DATA SUPPLIED =>
--------
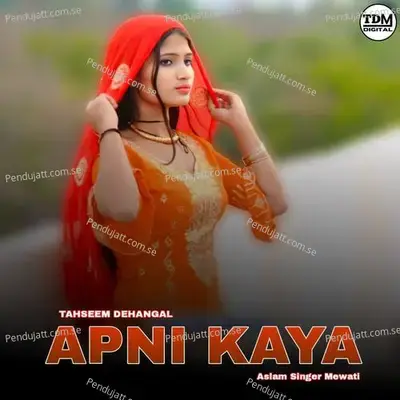 Apni Kaya - Aslam Singer Mewati album cover 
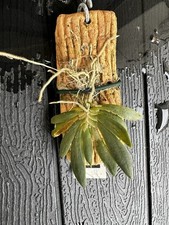 Miniaturorchidee rchidee rnith gebraucht kaufen  Dresden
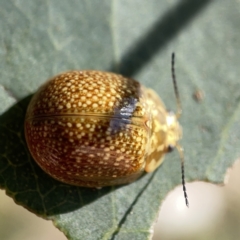 Paropsisterna cloelia at Campbell, ACT - 20 Oct 2023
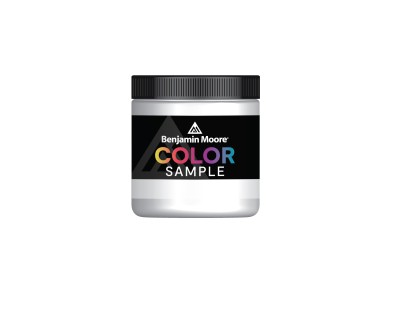 Benjamin Moore Half Pint Color Sample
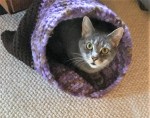 Cat Cave with Lulu&nbsp;head
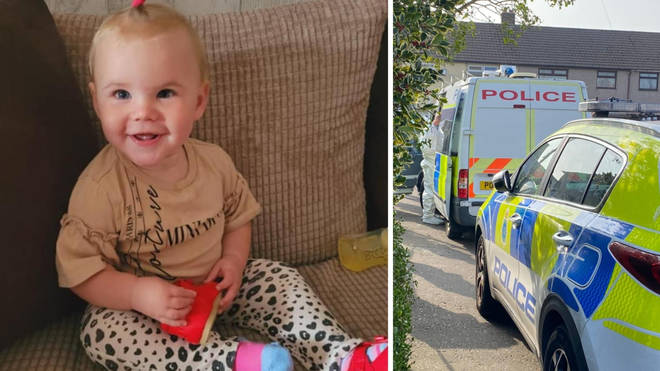 The toddler was killed by a dog the family only bought a week earlier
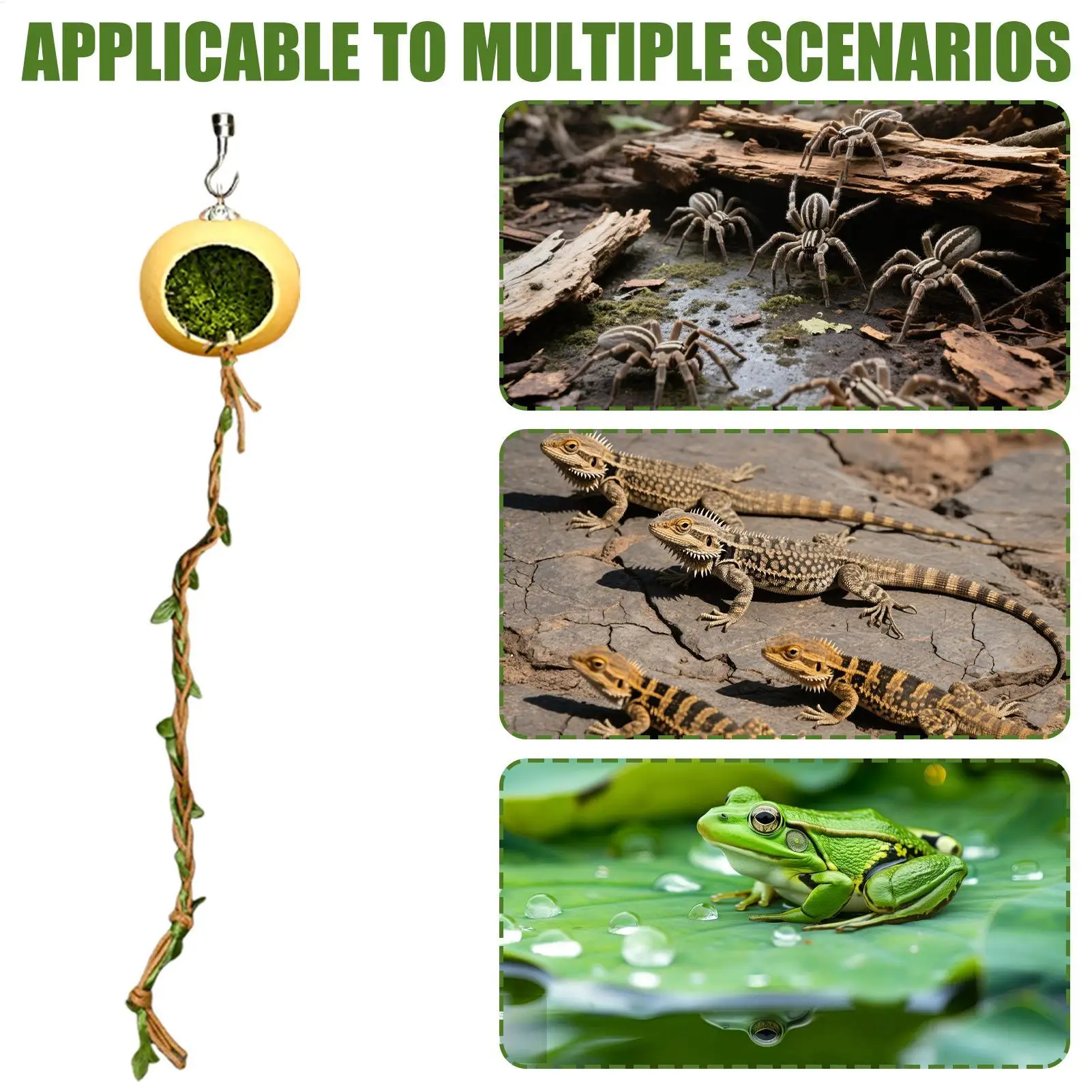 القفز العنكبوت إخفاء المغناطيسي القفز العنكبوت الموئل مخبأ اكسسوارات المنزل ل Arthropods حريش Geckos كريستيد أبو بريص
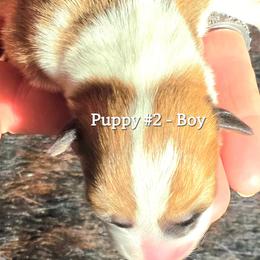 Puppy 2 - Fawn male Pembroke Welsh Corgi puppy in Buffalo, Wyoming from Diamond K Corgis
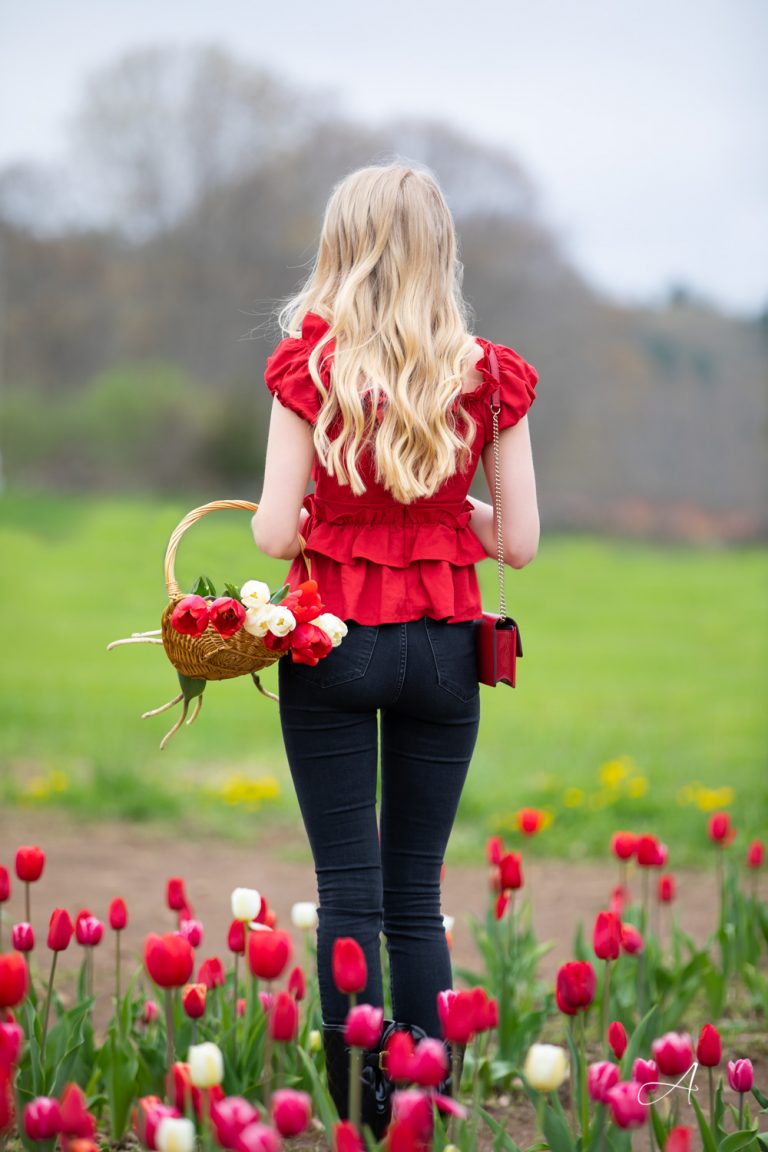 red tulip farm festival photography wicked tulips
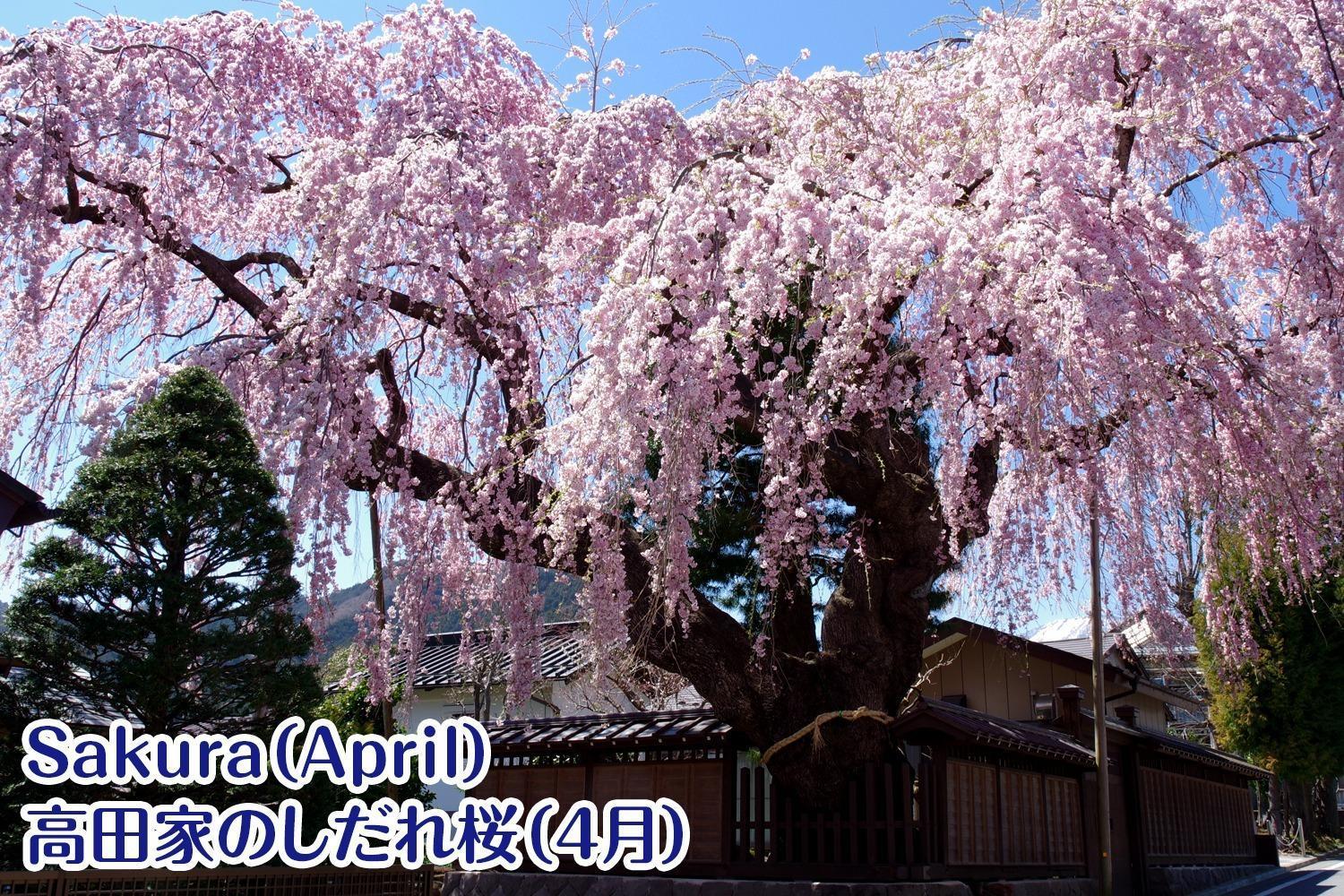 Nikko Stay House Arai - Vacation Stay 14988V Esterno foto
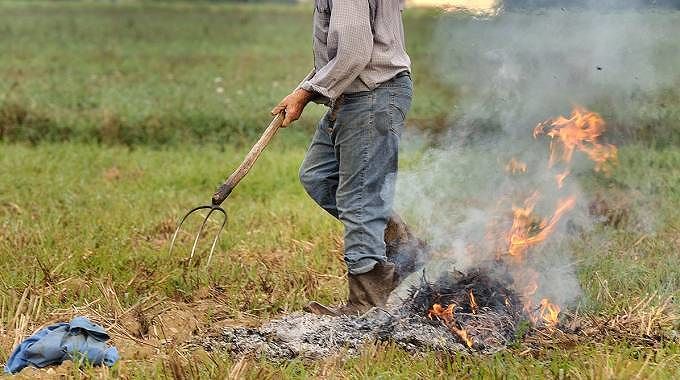 Sardegna, abbruciamenti durante il periodo estivo: ecco tutte le regole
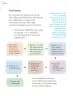 Miniatura página 47 de Proyectos Escolares.   Libro de Educación Primaria Grado 2°  Ciclo Escolar 2025 - 2026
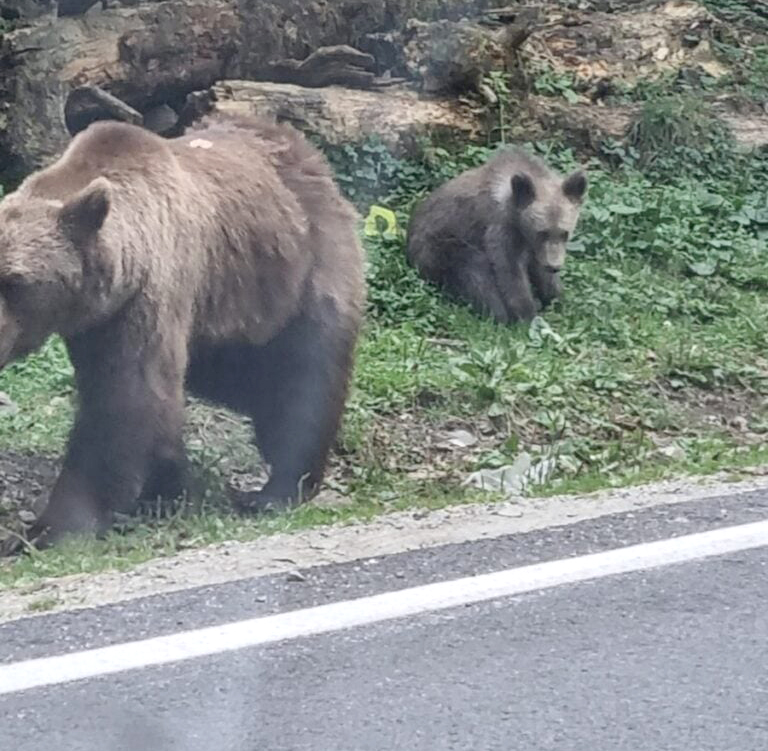 Într-o singură zi: 16 urși văzuți de un turist pe marginea drumului, pe Transfăgărășan. Așteptau să fie hrăniți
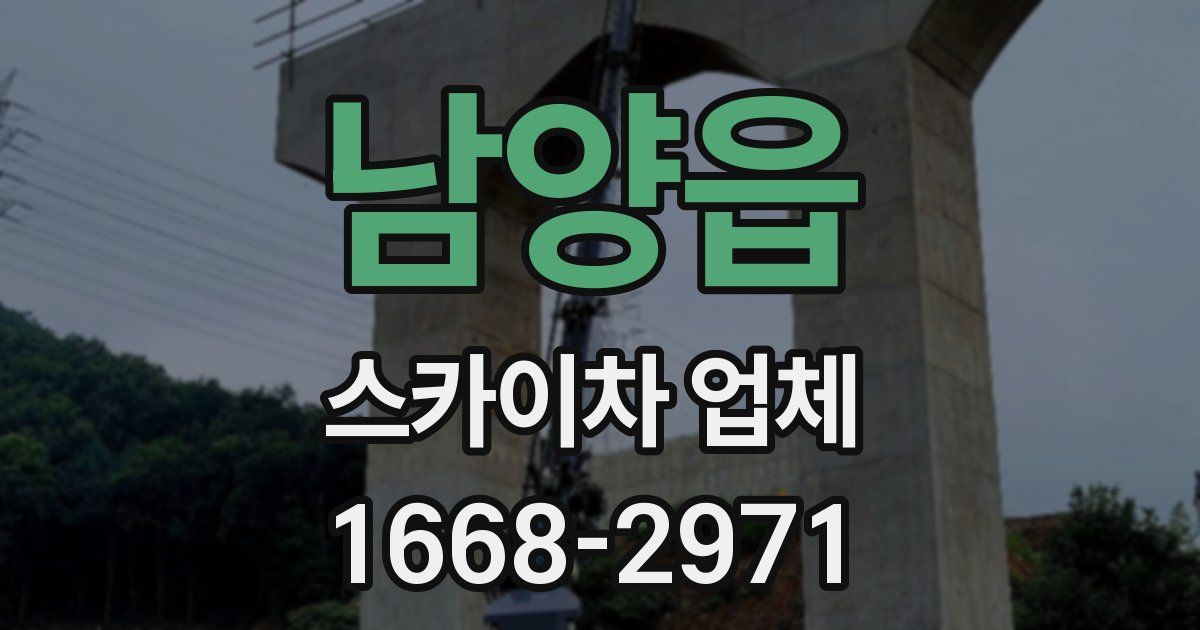 남양읍 스카이차 업체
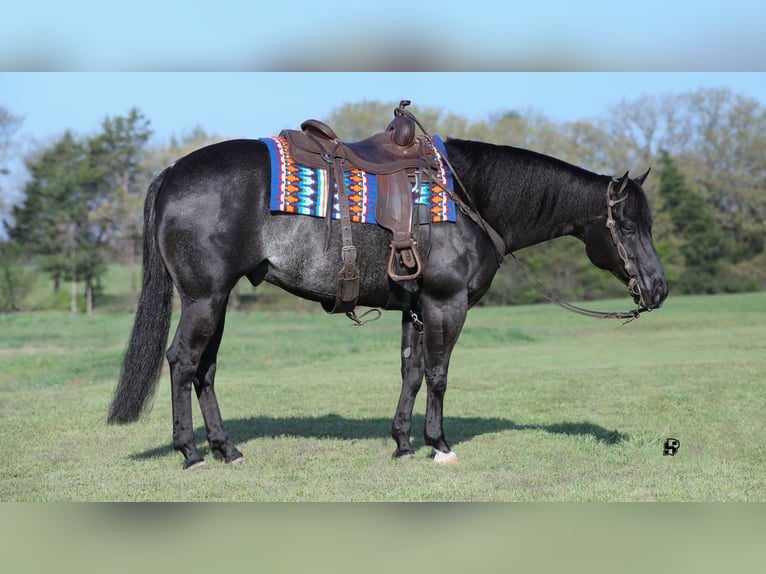 American Quarter Horse Gelding 8 years 15,2 hh Black in Whitesboro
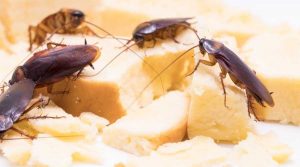 featured image - cockroaches eating cheese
--------
EXERCISE INSTRUCTIONS =>
Every line above from the one with "Paropsisterna cloelia at" down to the one with "Sardegna, abbruciamenti durante" must be written out exactly, and no picture may appear.

EXERCISE SOLUTION =>
 Paropsisterna cloelia at Campbell, ACT - 20 Oct 2023
 Benjamin Moore Half Pint Color Sample
 Cat Cave with Lulu&nbsp;head
 The toddler was killed by a dog the family only bought a week earlier
 القفز العنكبوت إخفاء المغناطيسي القفز العنكبوت الموئل مخبأ اكسسوارات المنزل ل Arthropods حريش Geckos كريستيد أبو بريص
 Puppy 2 - Fawn male Pembroke Welsh Corgi puppy in Buffalo, Wyoming from Diamond K Corgis
 red tulip farm festival photography wicked tulips
 Nikko Stay House Arai - Vacation Stay 14988V Esterno foto
 Sardegna, abbruciamenti durante il periodo estivo: ecco tutte le regole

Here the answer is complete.